**Exercise directions**:
Out of the material that follows, write out exactly the lines from the line with "Terapia krótkoterminowa" to the line with "Land in Suphanburi, Thailand", both ends included, and no others.
□ □ □
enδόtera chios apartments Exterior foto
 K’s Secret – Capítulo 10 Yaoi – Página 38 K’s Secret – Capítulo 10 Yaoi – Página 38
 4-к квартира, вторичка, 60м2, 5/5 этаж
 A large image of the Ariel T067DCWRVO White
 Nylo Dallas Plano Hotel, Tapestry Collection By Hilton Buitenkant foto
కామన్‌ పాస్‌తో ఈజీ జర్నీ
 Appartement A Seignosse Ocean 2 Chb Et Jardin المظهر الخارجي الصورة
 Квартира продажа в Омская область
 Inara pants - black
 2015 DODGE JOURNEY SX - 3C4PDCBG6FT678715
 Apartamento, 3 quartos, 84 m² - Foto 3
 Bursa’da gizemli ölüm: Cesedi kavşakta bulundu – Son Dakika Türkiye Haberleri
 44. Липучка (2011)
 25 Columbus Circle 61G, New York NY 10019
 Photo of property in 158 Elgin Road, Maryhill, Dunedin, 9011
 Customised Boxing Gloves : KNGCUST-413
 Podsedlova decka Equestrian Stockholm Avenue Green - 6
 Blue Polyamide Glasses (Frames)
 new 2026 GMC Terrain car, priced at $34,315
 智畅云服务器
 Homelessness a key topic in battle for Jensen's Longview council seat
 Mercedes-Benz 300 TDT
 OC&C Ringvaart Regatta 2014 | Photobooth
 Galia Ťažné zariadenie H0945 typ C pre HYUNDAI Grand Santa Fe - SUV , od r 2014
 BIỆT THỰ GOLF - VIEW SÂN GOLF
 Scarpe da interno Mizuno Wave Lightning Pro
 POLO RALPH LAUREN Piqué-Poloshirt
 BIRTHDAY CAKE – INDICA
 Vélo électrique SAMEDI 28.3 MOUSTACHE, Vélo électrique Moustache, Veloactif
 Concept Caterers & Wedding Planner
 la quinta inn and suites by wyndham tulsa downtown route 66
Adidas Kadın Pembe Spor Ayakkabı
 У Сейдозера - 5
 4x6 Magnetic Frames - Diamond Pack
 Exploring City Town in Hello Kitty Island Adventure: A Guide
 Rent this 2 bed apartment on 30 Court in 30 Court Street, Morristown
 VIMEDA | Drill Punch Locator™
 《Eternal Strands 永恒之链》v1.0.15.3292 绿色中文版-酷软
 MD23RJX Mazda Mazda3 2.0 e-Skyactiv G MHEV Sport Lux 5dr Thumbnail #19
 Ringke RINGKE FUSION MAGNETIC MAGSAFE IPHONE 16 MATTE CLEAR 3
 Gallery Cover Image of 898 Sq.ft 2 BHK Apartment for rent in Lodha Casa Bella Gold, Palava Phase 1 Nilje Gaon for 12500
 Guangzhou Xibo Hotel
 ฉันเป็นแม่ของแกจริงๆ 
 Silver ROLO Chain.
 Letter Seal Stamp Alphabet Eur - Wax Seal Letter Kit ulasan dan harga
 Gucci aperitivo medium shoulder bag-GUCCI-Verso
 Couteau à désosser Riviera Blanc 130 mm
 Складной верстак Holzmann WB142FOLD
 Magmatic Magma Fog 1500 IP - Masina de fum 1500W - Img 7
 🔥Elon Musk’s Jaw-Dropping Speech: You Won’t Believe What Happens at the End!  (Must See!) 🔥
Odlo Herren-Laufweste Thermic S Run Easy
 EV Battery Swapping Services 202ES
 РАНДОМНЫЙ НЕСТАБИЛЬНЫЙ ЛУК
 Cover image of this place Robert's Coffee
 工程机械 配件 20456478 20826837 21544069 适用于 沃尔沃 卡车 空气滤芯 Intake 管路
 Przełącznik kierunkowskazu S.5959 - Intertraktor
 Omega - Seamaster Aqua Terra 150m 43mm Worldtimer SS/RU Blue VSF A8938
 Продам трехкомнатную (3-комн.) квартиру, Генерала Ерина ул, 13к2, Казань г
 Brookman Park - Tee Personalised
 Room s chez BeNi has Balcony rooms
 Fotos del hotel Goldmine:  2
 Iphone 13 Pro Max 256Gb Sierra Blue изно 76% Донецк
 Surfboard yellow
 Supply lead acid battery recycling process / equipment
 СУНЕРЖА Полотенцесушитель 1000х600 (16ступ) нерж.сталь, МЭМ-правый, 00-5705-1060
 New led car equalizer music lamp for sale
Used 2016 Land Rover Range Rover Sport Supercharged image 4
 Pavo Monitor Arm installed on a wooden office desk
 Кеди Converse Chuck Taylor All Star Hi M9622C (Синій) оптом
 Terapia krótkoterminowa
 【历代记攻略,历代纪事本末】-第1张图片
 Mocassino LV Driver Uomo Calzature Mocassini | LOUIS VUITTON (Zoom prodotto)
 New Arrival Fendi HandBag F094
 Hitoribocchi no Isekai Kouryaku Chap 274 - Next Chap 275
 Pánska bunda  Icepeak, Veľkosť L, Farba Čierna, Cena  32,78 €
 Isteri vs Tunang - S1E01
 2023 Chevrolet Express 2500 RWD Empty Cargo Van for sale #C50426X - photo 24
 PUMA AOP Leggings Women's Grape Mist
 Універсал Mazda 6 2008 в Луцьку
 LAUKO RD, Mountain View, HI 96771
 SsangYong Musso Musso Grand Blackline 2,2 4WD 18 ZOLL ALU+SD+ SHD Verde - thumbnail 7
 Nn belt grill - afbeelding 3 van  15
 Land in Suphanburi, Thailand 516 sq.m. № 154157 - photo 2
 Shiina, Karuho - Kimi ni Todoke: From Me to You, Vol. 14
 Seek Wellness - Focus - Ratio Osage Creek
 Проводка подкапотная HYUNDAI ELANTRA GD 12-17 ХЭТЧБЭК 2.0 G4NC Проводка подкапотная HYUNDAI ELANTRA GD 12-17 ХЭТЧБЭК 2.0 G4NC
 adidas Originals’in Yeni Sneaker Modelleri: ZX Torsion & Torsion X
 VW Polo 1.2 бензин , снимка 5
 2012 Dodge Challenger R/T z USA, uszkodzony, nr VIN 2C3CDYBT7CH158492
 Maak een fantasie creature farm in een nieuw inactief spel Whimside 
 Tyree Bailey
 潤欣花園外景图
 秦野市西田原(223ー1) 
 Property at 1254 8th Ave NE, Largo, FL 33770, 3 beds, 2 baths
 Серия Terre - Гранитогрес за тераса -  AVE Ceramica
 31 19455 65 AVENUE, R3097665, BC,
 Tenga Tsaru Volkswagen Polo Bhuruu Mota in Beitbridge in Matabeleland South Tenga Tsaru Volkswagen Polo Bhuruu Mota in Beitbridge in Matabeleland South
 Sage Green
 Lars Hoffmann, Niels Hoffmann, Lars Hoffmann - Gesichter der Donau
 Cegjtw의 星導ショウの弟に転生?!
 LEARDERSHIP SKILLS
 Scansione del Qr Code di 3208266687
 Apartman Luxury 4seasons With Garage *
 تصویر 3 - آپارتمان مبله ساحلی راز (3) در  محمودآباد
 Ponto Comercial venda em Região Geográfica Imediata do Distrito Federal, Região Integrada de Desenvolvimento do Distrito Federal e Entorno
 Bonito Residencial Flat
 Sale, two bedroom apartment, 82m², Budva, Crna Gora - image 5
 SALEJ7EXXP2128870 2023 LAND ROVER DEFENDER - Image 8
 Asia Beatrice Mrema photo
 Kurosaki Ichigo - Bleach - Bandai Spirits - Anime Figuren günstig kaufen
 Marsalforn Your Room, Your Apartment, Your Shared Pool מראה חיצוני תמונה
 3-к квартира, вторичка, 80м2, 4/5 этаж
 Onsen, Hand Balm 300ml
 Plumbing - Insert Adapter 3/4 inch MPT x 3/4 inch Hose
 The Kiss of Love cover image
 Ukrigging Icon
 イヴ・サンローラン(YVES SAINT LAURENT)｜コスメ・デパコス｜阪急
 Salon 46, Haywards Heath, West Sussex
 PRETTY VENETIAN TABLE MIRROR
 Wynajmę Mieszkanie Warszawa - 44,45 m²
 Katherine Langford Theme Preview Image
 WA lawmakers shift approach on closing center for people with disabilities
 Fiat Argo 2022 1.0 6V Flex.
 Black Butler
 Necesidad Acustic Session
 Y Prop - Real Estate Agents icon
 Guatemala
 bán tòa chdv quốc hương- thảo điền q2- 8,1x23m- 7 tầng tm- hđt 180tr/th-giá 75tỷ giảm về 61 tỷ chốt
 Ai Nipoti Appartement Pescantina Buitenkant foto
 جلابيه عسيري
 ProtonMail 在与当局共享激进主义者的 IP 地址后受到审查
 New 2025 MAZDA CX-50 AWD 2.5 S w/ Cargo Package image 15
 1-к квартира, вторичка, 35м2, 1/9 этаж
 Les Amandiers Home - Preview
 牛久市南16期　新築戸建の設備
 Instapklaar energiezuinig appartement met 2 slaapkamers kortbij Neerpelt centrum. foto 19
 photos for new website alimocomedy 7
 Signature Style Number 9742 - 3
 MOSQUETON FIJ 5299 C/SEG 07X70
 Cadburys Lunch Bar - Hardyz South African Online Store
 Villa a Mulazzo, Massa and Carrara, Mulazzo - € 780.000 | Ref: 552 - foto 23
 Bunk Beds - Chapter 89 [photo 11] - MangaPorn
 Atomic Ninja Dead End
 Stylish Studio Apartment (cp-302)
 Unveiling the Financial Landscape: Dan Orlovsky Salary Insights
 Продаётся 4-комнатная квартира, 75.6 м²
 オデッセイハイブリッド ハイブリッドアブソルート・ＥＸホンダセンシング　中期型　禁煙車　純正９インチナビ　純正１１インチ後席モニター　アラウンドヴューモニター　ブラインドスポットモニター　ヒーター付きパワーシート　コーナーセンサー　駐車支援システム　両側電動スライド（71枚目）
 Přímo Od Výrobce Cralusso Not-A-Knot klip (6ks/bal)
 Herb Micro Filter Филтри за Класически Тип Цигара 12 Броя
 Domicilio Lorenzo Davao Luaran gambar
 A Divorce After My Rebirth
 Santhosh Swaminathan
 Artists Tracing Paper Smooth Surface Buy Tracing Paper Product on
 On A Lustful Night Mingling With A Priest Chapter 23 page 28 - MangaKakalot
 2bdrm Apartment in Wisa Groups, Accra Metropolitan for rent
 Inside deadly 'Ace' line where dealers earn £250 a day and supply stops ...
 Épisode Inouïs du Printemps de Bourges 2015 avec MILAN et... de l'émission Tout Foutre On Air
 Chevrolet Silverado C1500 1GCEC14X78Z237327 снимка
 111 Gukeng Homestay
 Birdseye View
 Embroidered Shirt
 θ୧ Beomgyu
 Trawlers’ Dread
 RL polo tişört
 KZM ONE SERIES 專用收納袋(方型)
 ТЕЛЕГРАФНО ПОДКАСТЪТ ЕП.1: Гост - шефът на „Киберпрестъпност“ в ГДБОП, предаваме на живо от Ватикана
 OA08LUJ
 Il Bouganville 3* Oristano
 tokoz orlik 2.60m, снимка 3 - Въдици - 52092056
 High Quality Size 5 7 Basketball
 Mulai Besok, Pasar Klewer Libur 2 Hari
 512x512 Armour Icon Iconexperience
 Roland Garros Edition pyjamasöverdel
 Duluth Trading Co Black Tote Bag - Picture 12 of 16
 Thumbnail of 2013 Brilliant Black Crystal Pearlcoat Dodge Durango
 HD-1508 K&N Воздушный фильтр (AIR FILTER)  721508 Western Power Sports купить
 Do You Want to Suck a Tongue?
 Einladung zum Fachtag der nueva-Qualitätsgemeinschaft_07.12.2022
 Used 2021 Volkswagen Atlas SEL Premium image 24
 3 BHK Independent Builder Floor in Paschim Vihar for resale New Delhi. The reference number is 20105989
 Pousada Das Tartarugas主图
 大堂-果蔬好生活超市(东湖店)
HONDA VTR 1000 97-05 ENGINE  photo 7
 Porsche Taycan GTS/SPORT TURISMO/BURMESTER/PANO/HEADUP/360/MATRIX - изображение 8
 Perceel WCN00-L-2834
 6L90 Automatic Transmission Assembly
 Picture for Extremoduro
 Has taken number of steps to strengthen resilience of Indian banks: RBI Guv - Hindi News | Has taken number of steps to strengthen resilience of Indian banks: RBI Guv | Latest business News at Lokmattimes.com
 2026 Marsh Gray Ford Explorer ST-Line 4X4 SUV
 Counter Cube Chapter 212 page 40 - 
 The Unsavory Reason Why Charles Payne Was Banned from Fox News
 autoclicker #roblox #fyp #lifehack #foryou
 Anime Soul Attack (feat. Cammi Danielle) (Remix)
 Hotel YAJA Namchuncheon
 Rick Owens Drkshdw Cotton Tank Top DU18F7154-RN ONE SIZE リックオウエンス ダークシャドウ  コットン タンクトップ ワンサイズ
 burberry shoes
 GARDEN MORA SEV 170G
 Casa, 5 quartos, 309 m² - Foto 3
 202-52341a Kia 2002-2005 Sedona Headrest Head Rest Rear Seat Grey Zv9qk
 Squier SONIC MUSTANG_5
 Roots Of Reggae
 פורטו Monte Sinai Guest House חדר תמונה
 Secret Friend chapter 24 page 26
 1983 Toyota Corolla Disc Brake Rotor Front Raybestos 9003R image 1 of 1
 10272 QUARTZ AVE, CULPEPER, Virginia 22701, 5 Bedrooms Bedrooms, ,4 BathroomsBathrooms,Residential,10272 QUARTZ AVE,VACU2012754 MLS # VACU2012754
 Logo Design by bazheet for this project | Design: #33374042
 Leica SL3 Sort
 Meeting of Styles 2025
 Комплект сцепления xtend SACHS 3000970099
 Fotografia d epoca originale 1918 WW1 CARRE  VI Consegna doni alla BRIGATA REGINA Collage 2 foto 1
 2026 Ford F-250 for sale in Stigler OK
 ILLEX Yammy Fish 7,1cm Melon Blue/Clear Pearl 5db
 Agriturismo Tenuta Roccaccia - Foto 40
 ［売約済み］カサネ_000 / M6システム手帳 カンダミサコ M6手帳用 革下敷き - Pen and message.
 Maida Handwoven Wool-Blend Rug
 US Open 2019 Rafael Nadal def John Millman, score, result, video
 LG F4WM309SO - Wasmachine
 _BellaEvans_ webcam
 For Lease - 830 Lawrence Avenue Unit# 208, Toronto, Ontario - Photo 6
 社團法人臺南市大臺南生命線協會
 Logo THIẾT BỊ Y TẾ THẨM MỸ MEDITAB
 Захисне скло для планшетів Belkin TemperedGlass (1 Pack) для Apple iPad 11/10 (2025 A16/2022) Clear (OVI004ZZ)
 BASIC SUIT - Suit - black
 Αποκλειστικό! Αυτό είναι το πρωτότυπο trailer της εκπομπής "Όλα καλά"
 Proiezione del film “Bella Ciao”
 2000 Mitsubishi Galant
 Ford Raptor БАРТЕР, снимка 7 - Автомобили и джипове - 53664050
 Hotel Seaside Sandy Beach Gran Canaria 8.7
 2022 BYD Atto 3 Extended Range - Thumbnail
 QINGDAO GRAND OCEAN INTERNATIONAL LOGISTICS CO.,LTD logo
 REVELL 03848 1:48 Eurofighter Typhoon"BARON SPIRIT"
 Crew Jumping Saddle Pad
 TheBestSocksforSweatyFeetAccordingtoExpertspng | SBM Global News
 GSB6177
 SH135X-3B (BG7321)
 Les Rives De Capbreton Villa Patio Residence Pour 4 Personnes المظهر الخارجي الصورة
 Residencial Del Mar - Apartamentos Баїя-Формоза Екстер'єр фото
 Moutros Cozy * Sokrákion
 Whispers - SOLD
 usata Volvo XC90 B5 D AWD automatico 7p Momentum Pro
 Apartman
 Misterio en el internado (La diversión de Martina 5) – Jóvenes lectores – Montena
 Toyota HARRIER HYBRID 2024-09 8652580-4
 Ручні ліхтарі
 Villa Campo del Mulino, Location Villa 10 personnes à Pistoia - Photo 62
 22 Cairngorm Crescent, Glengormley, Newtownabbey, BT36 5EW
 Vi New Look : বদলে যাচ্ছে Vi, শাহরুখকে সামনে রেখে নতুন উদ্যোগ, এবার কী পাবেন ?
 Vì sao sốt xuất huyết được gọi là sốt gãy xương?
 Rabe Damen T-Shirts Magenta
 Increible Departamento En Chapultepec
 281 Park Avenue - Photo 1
□ □ □
**Written response**:
 Terapia krótkoterminowa
 【历代记攻略,历代纪事本末】-第1张图片
 Mocassino LV Driver Uomo Calzature Mocassini | LOUIS VUITTON (Zoom prodotto)
 New Arrival Fendi HandBag F094
 Hitoribocchi no Isekai Kouryaku Chap 274 - Next Chap 275
 Pánska bunda  Icepeak, Veľkosť L, Farba Čierna, Cena  32,78 €
 Isteri vs Tunang - S1E01
 2023 Chevrolet Express 2500 RWD Empty Cargo Van for sale #C50426X - photo 24
 PUMA AOP Leggings Women's Grape Mist
 Універсал Mazda 6 2008 в Луцьку
 LAUKO RD, Mountain View, HI 96771
 SsangYong Musso Musso Grand Blackline 2,2 4WD 18 ZOLL ALU+SD+ SHD Verde - thumbnail 7
 Nn belt grill - afbeelding 3 van  15
 Land in Suphanburi, Thailand 516 sq.m. № 154157 - photo 2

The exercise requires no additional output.